The former Metropolitan Police Commissioner Sir Ian Blair has been cleared of misconduct over the award of police contracts worth £3 million to a friend.
An independent investigation involving officers from two other forces found "absolutely no evidence of dishonesty", his spokeswoman said.
The inquiry examined work given to Impact Plus, later Hitachi Consulting, a company owned by Andy Miller, a close friend and skiing partner of Sir Ian.
Sir Ian said he was forced to publicise the results of the inquiry himself after a meeting of the Metropolitan Police Authority (MPA) voted to keep it secret.
In a statement issued through his solicitors, the retired senior officer said he too had not seen the full report into his conduct.
He released details of three of Sir Ronnie Flanagan's conclusions passed to him in a letter which exonerated him of dishonesty and stated there was no basis for a criminal prosecution.
But questions remained tonight over whether Sir Ian would have faced disciplinary proceedings if he was still in his post at the head of Scotland Yard.
Sir Ian said members of the MPA did not accept Sir Ronnie's third conclusion that there was "no basis" for police misconduct proceedings against him or anyone else.
He added that members of the police watchdog body gave no reason for this decision and called on them to publish the full report.
Sir Ian said: "I can find no reason why the police authority, whom I served as commissioner and deputy commissioner for nine years, should refuse to publish a report which exonerates me entirely from allegations of wrongdoing.

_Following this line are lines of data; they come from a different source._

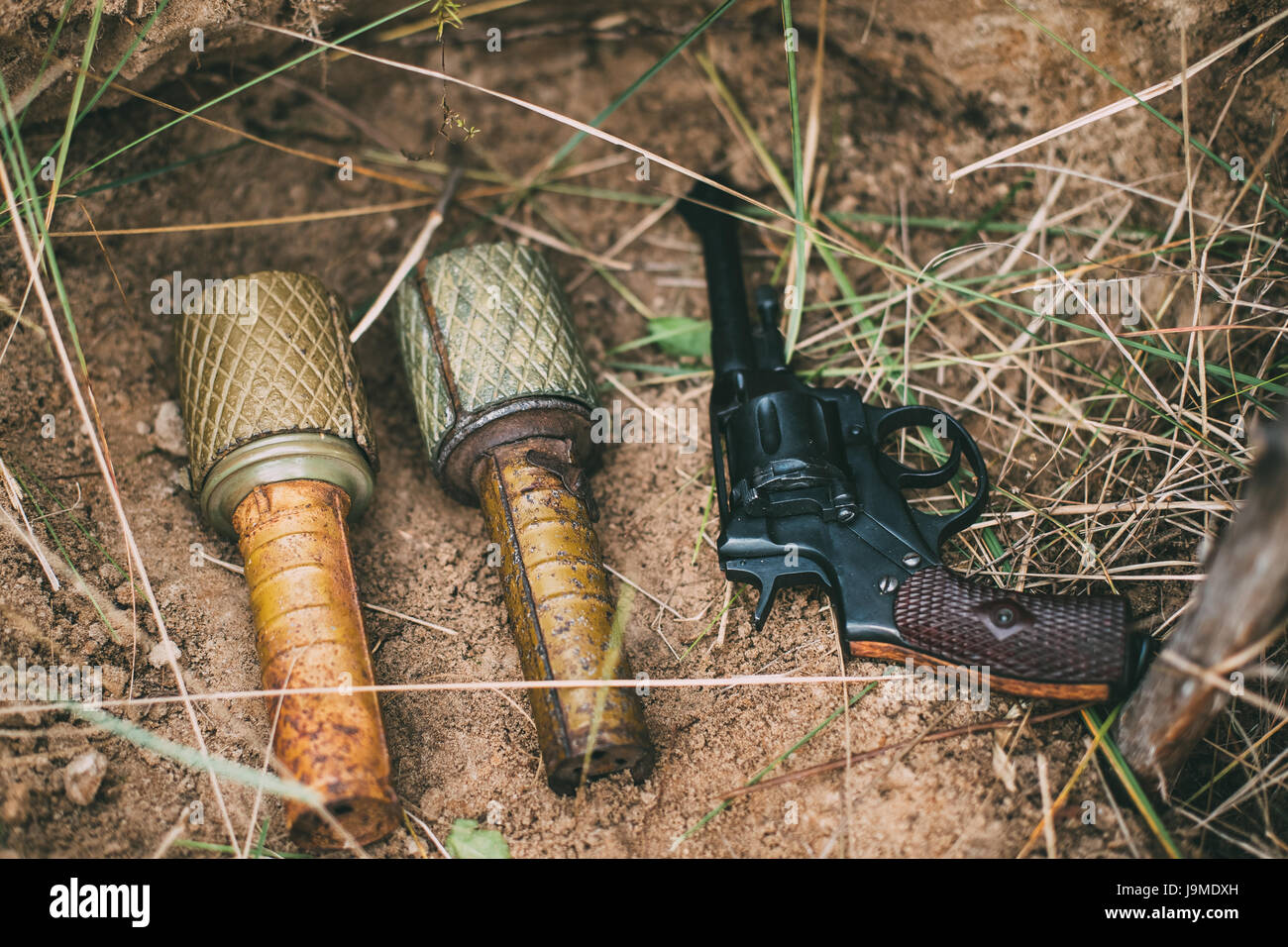 Soviet Red Army Russian Soldiers Military Ammunition Of World War II On Ground. Two Grenades And Nagant Handgun Gun. Stock Photo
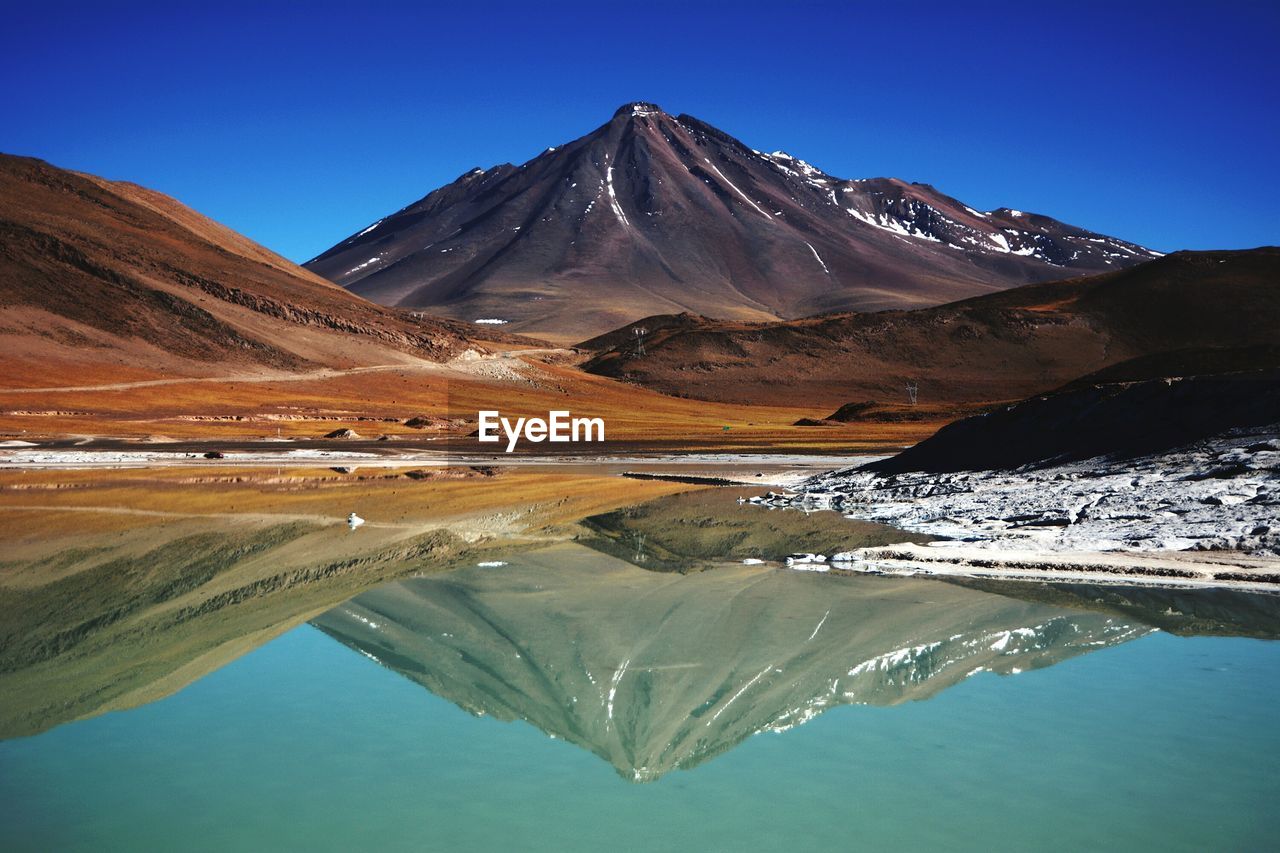 Scenic view of lake and mountains against clear blue sky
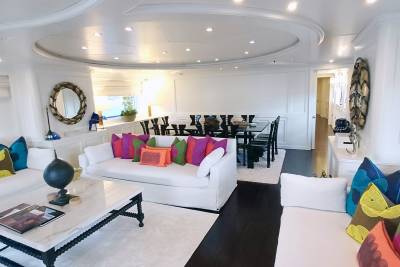 Luxurious white sofas and a sleek dining set create a sophisticated ambiance aboard this opulent yacht.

"Sir Ronnie's interim report, and now his final report, have been based on a thorough and lengthy inquiry.
"It is a great sadness that all of the hard work involved in the extraordinary transformation of communications which the C3i Programme brought to the Met should be overshadowed by this inquiry and now this refusal to publish its findings."
Sir Ronnie's inquiry, which created seven volumes of paperwork, arrived at the MPA offices in June, 11 months after it began.

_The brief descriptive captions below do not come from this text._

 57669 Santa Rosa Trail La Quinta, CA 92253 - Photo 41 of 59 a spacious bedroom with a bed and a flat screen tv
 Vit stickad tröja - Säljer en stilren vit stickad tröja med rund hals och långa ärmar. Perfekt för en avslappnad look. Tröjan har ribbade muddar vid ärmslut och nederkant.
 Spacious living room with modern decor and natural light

He has since left his role as HM Chief Inspector of Constabulary and travelled to the United Arab Emirates to work as a police consultant.

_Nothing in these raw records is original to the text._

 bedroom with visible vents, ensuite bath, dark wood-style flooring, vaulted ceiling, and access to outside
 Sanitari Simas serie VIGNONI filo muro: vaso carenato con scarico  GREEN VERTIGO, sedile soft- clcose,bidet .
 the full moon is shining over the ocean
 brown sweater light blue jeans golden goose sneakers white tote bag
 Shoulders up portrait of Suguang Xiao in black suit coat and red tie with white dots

Senior members of the watchdog body said they expected to publish as much as possible with only a small number of sensitive details censored.
It was widely expected that Sir Ian would be cleared by the inquiry as he predicted in his final words to the MPA last November.
In a stinging parting shot to London Mayor Boris Johnson, who ousted him from office, Sir Ian said he would be "fully exonerated of any wrongdoing".
Sir Ian's solicitor, Stephen Parkinson, said the decision to withhold the outcome of the inquiry could stop him from clearing his name.
He said: "The decision of the MPA not to inform the public that Sir Ronnie's investigation has acquitted Sir Ian of any misconduct, and to suppress the report or at least those parts affecting him, is deeply unfair.
"Its refusal to give reasons for its decision adds to its lack of transparency. The decision to commence an investigation was announced publicly and was profoundly damaging to Sir Ian's reputation.
"How can it be just to conceal its outcome and detailed findings, particularly when they put right the damage that the allegations caused? This is not appropriate behaviour from a public body."
An MPA spokesman said members of the watchdog's standards committee were not asked to decide if Sir Ian should have faced disciplinary action.
He said: "The MPA's professional standards cases sub-committee has received the investigating officer's final report and the supporting evidence in relation to the investigation of the circumstances surrounding the letting and management by the Met of contracts with Impact Plus Ltd (later Hitachi Consulting) and the role in that process of Sir Ian Blair, former Commissioner of Police of the Metropolis.
"At the meeting on Monday, members of the sub-committee took the decision not to publish the final report.
"The sub-committee was not required to determine whether disciplinary proceedings should be brought against Sir Ian Blair since he is no longer serving with the Met.
"The sub-committee was required to consider whether a criminal offence may have been committed.
"It determined that the report and supporting evidence did not demonstrate any evidence of dishonesty.
"It also concluded that there was no evidence that any criminal offence had been committed.
"The MPA has therefore concluded its investigation in relation to the conduct of Sir Ian Blair and will take no further action.
"The MPA recognises the importance of 'lessons to be learned' arising from this investigation and until that work has been concluded has decided not to publish."
Impact Plus was hired to provide lucrative communications and IT systems for the Metropolitan Police.
It was claimed that one firm agreed to undertake a £150,000 contract for a lower price but did not win the work.
The inquiry is one of the lingering controversies of Sir Ian's volatile tenure at the Metropolitan Police.
The former senior officer endured a torrent of criticism while in office for a series of apparent gaffes, too much political correctness and his ignorance of the shooting of Jean Charles de Menezes.
Since being kicked out by Mr Johnson, Sir Ian received further criticism as a result of his huge pay-off from the force.